Don't be afraid to mention your business. You're excited about it, so let it show a little. Its hard to get customers if no one knows what you do. 
Good luck and make it fun.


----------



## foot print (Jun 2, 2010)

Nicola, don't be your own worst enemy.. Take it from me I to am afraid to pass out cards and answer the phone.. But I truly love being my own boss.. Car magnets work, as well as a vinyl decal on you rear window.


----------



## MartyEdward (Jun 7, 2012)

Nicola

I'm just starting to get used to giving a few cards out but still tend to concerntrate on online business, so have magnets with just web address but you'd definitely get more business with a phone number!


----------



## printingray (Apr 4, 2012)

I thinks distribute them among the people of your area!

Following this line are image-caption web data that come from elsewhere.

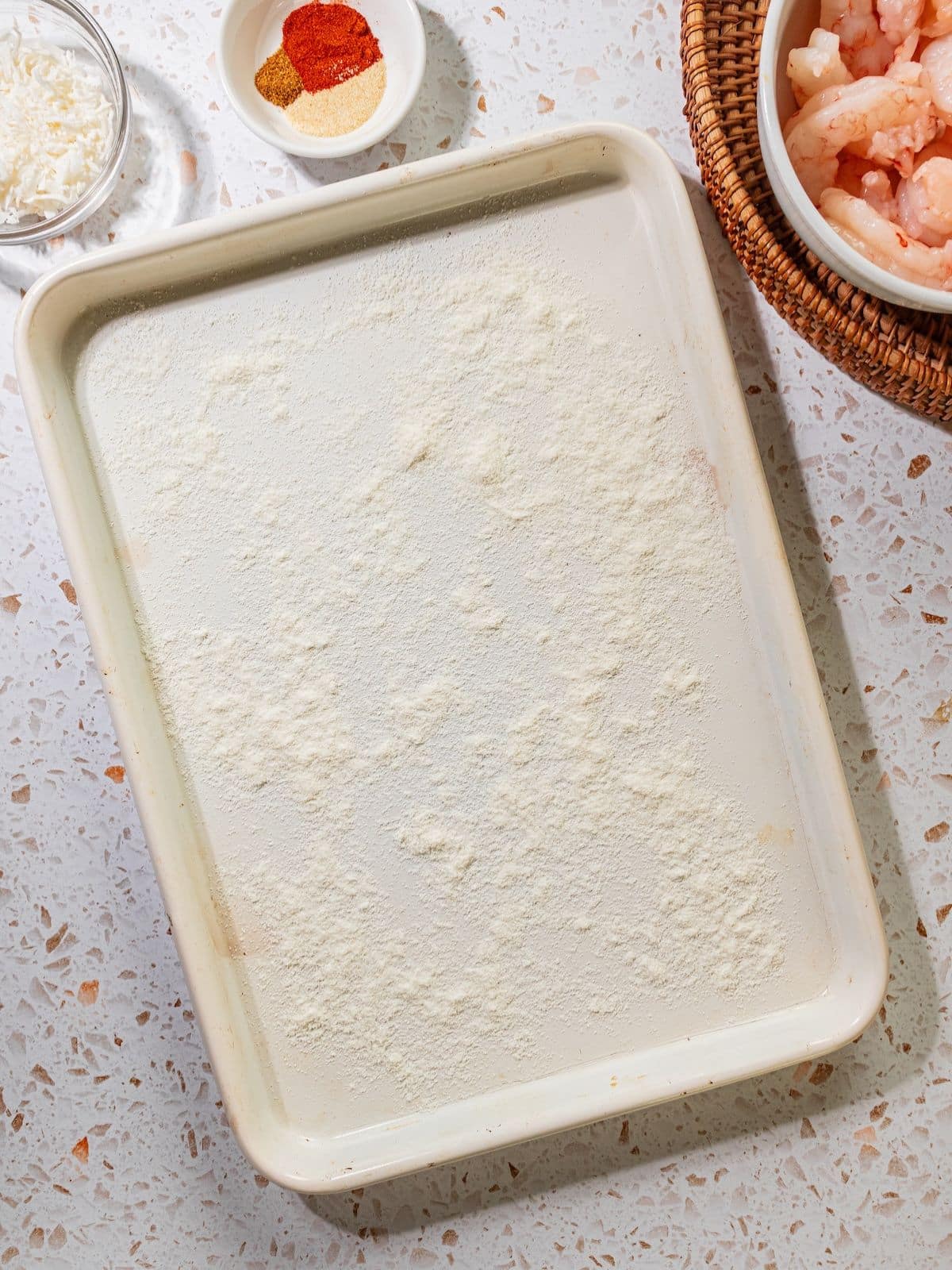 Flour on a sheet tray.
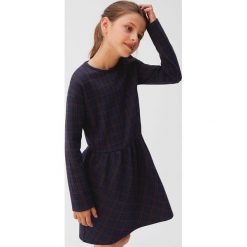 Mango Kids - Sukienka dziecięca Luna 110-152 cm. Niebieskie sukienki dziewczęce Mango Kids, bez wzorów, z elastanu, casualowe, z długim rękawem, długie, maxi, rozkloszowane. W wyprzedaży za 59,90 zł.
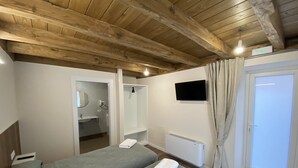 Une pièce avec des poutres en bois, un lit, une télévision, une salle de bain et une porte.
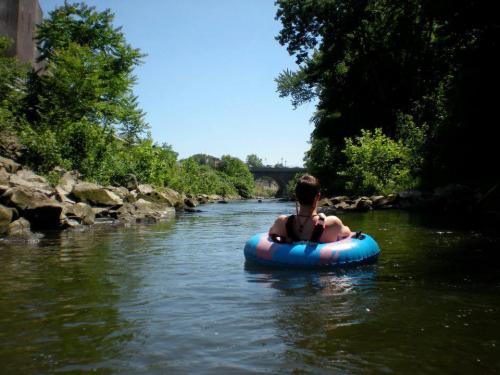 A person floats on a blue inner tube in a calm river, surrounded by greenery and a bridge in the background.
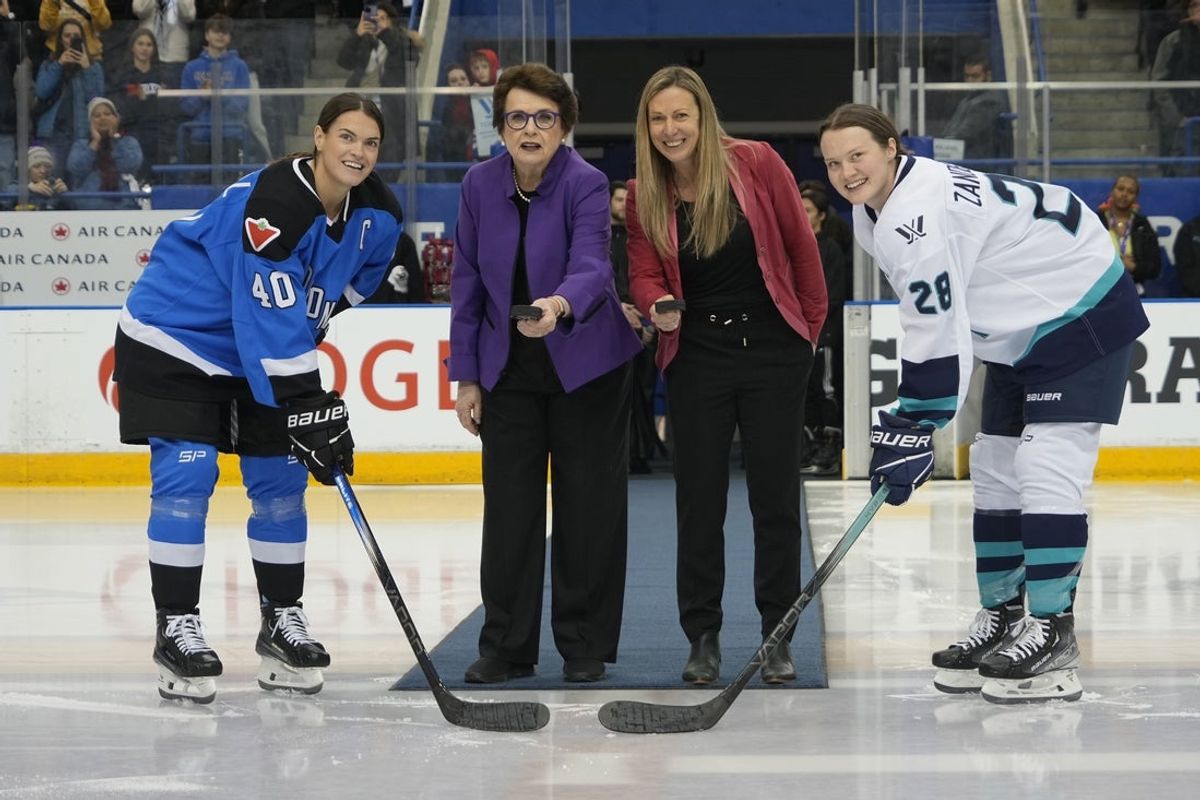 Jan 1, 2024; Toronto, Ontario, CANADA; Billie Jean King (purple blazer) and Jayna Hefford (red jacket)perform the ceremonial puck drop to Toronto forward Blayre Turnbull (40) and New York defender Micah Zandee-Hart (28) before the inaugural PWHL ice hockey game at Mattamy Athletic Centre. Mandatory Credit: John E. Sokolowski-Imagn Images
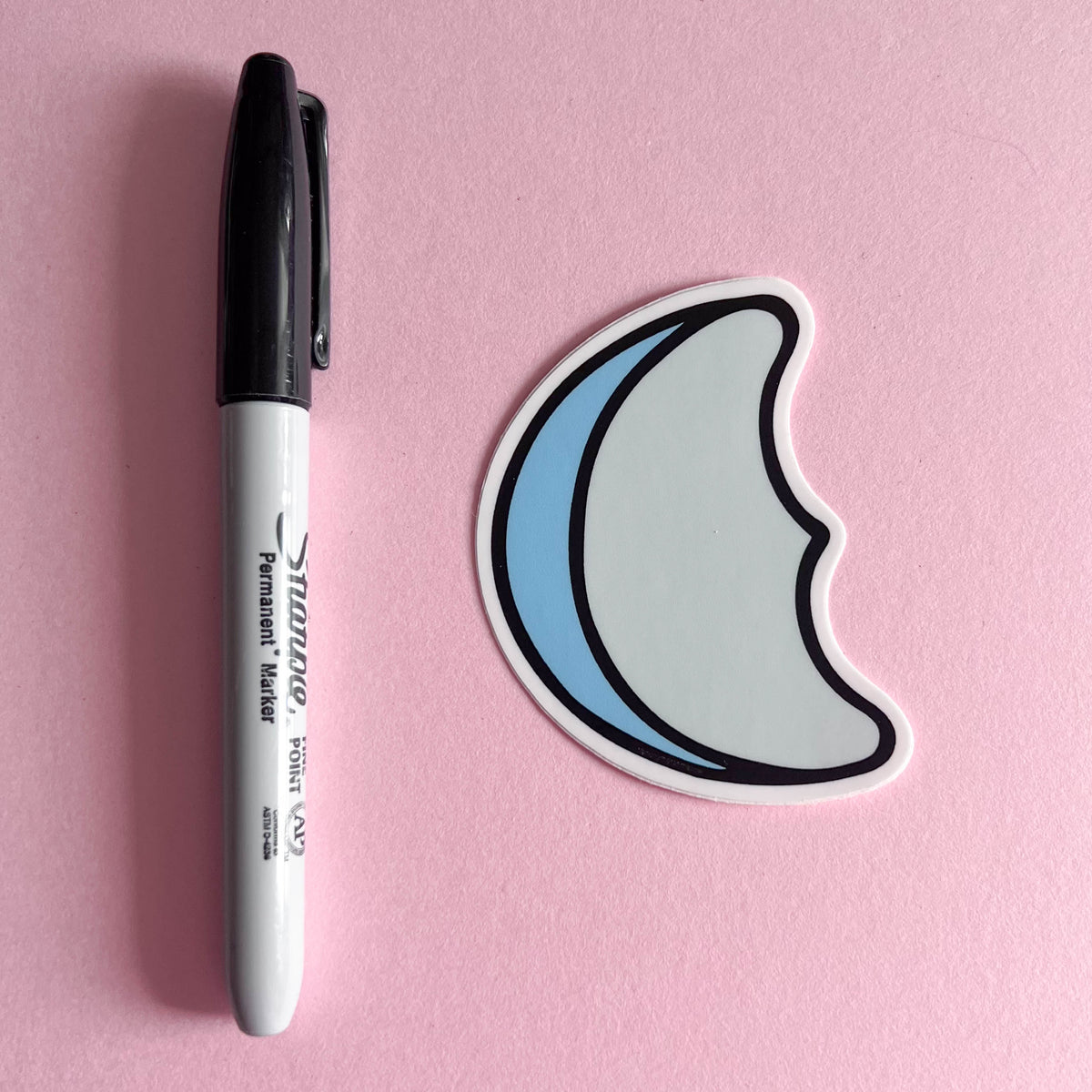 Moon-shaped sticker of blue marshmallow design next to a Sharpie marker on a pink background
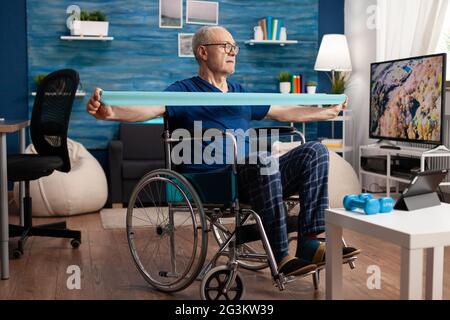 Disabled senior man in wheelchair training with elastic band exercising body workout recovering after disability accident watching strech video on tablet. Pensioner doing healthcare arm exercise Stock Photo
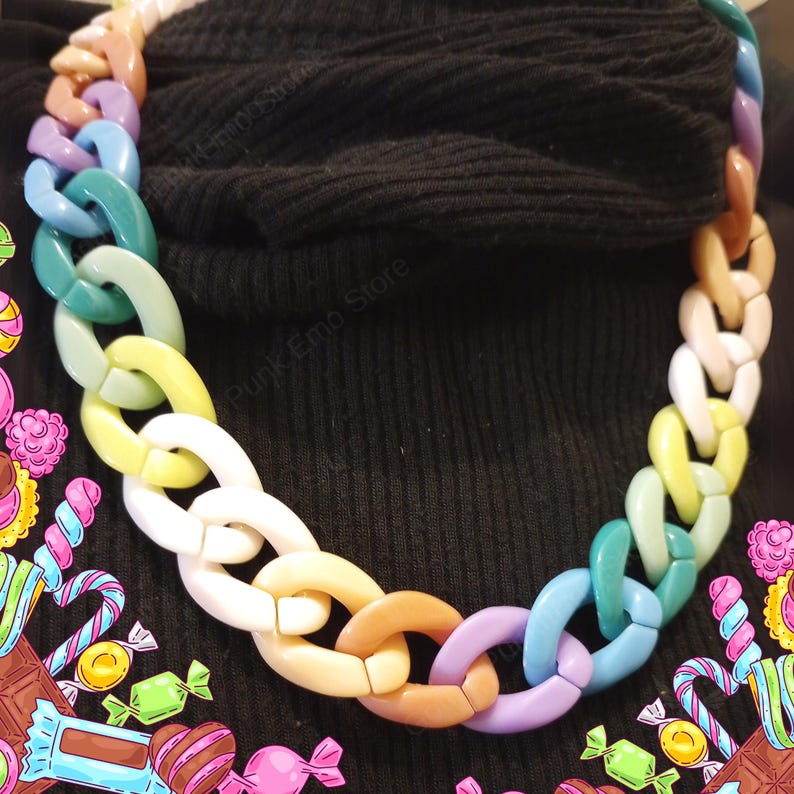 Puede incluir: Un collar de cadena gruesa con eslabones ovalados grandes en tonos pastel como rosa, azul, verde, amarillo y blanco. El collar se usa sobre un fondo negro, creando un fuerte contraste. Esta llamativa pieza es un accesorio de moda llamativo.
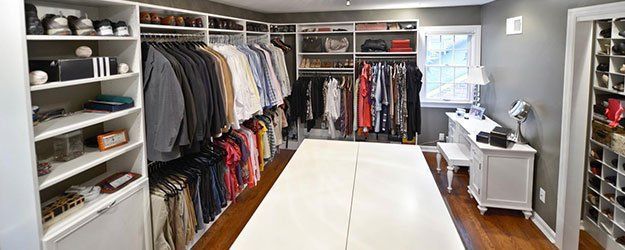 A large walk in closet filled with lots of clothes and shoes.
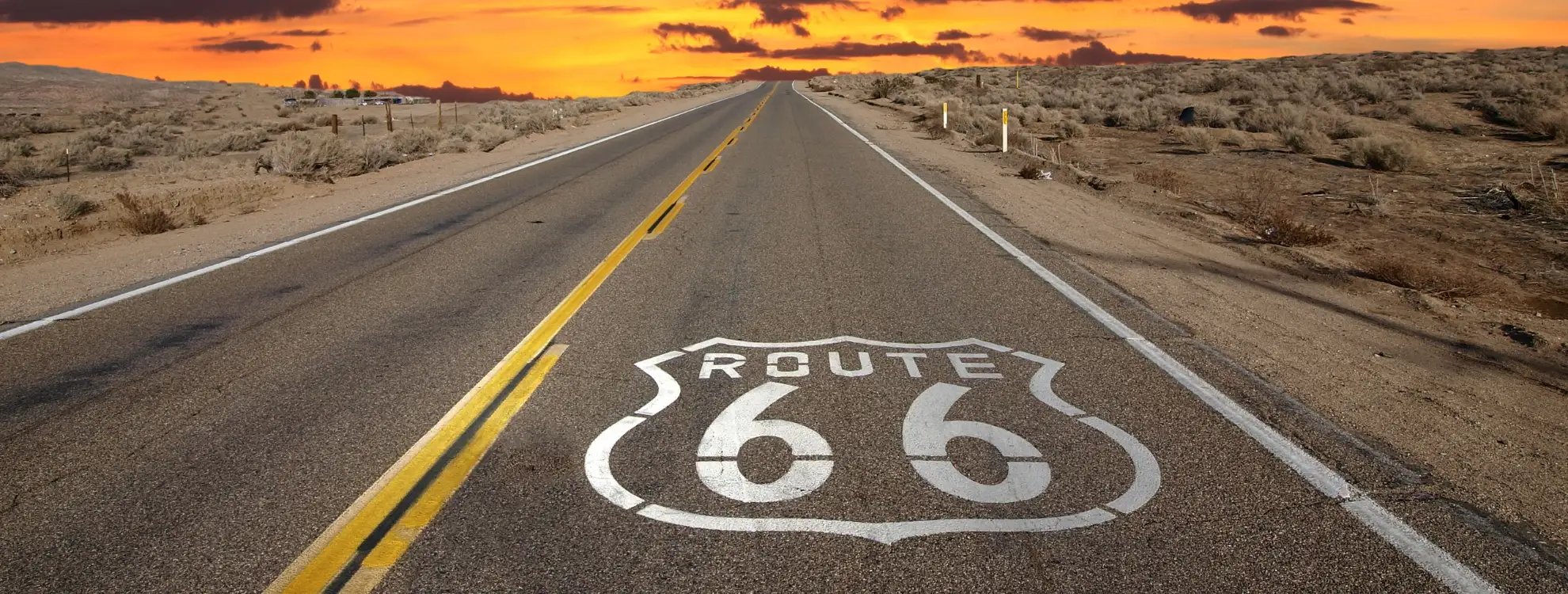 Historic Route 66 highway shield painted on the road at sunset, representing the classic Victorville, CA real estate lifestyle.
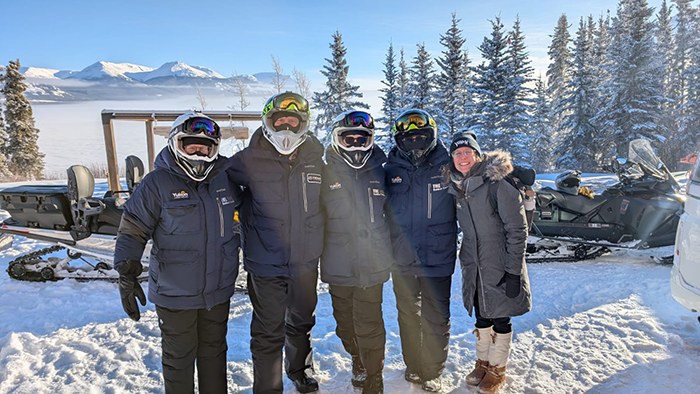 Advisors suited up for snowmobiling on Tagish Lake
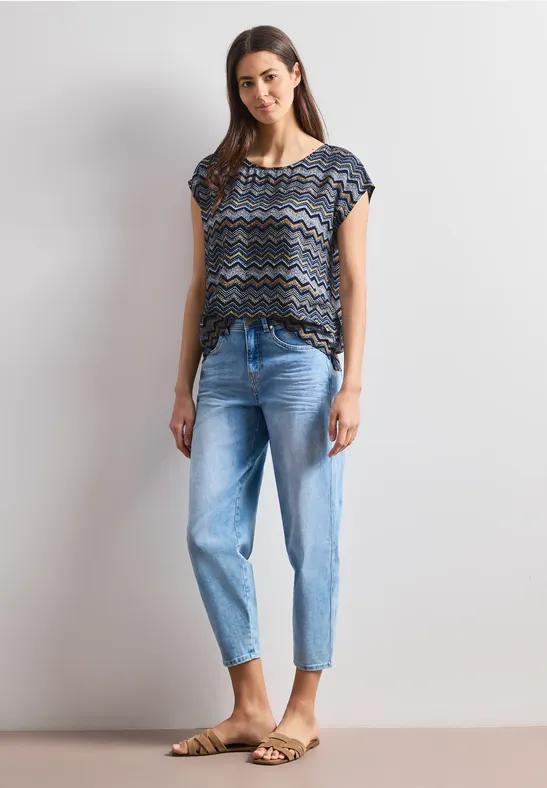 Frau steht vor grauem Hintergrund, trägt gemustertes Oberteil, blaue gekrempelte Jeans und Sandalen.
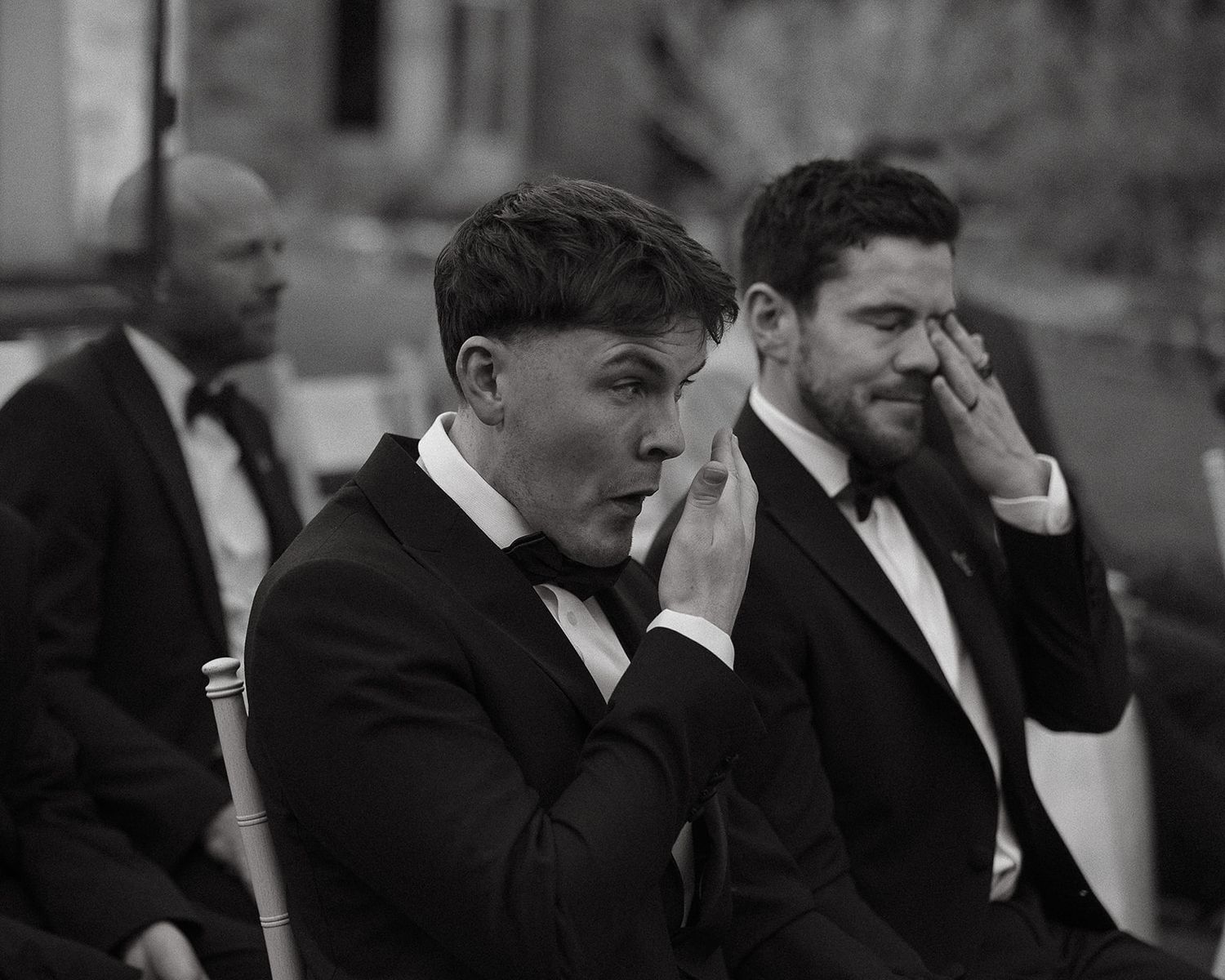 Two men in tuxedos wipe away tears during an emotional wedding ceremony.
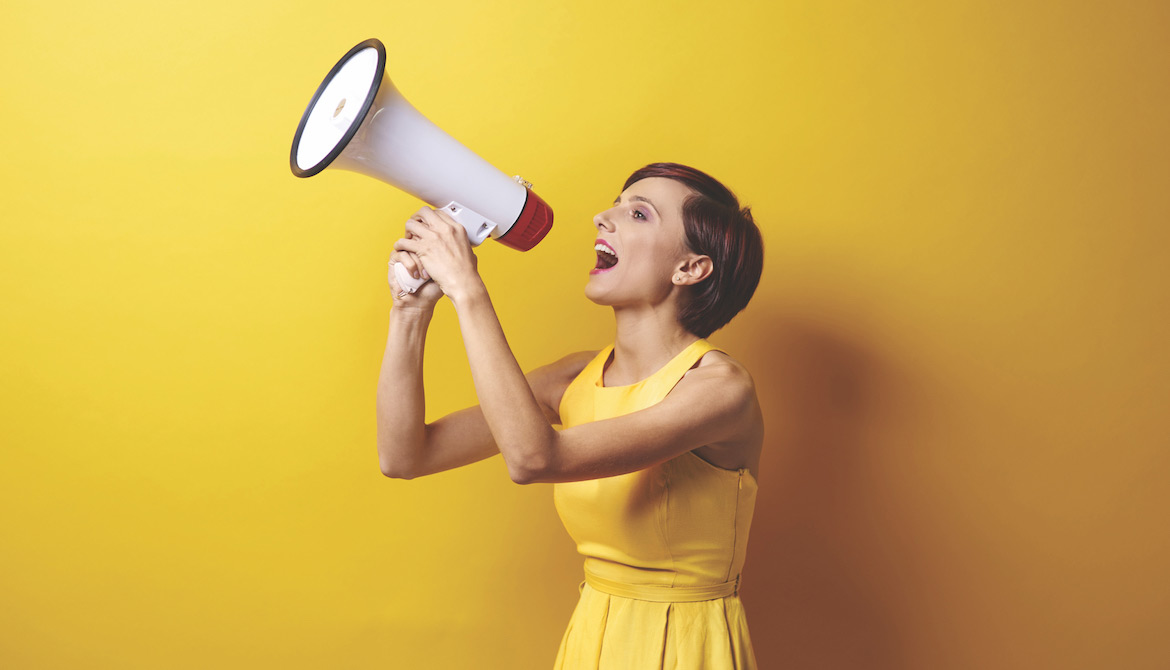 woman in a yellow dress using a bullhorn or megaphone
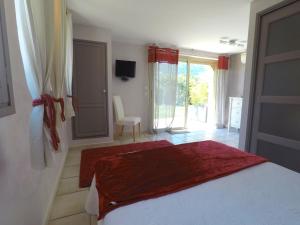 旺斯拉巴斯蒂德弗雷酒店的一间卧室配有一张床铺,床上铺有红色毯子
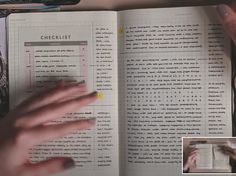 someone is reading a book with their hand on the page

Expect business cards gives priority to banners which is best for your business outdoor marketing.


----------



## MartyEdward (Jun 7, 2012)

Make sure all your relatives have a card too!!!! And they'll always have your number at hand!!


----------



## Fixico (Dec 3, 2011)

I've also gotten seceral contacts via free listings on different web services.
Many smaller gas stations will allow you to leave a stack of cards near the registers. Just ask.


----------



## safetyimprints (May 16, 2012)

Put your name on your car, make your own t-shirts or polos and wear them everywhere you go, talk to everyone and get the word out there, pass out cards and pens etc.., get a website and seo the heck out of it..


----------



## MartyEdward (Jun 7, 2012)

Hey Kris

You know I totally agree with all that and to be honest I never wear any of my own T-Shirts and that's just stupid....I will start to wear them from now on!

Cheers


----------



## printingray (Apr 4, 2012)

Not a good one to wear its own t-shirts, i thinks this is anti branding! Try to see other in your t-shirts which is called branding. Make brand your business by making some bumper stickers, t-shirts with good design which people want to wear.


----------



## ntucker (May 7, 2009)

Kris, thanks, thats a great idea. MartyEdward, i'm with you. I don't know why i didn't think of that sooner. lol


----------



## MartyEdward (Jun 7, 2012)

Very True.....!!


----------



## MartyEdward (Jun 7, 2012)

I guess it definitely makes sense Nicola...Although you can just go with Marty If you like ha ha!


----------



## ntucker (May 7, 2009)

[email protected] Marty. Have u ever used facebook to promote?


----------



## MartyEdward (Jun 7, 2012)

You must be watching me as I have a copy of facebook for Dummies on my desk at this very moment......got to get into it!! Only ever ised it for friends! Have you used it?


----------



## ntucker (May 7, 2009)

lol. I have a personal page. i try to use it to promote but no one really pays attention. So in the meantime, i write my thoughts for the day on it.


----------



## MartyEdward (Jun 7, 2012)

Ha ha!!!....although like me you dont use it properly for business...it is apparently a top tool for promoting businesses.....But in the mean time keep the thoughts going!!


----------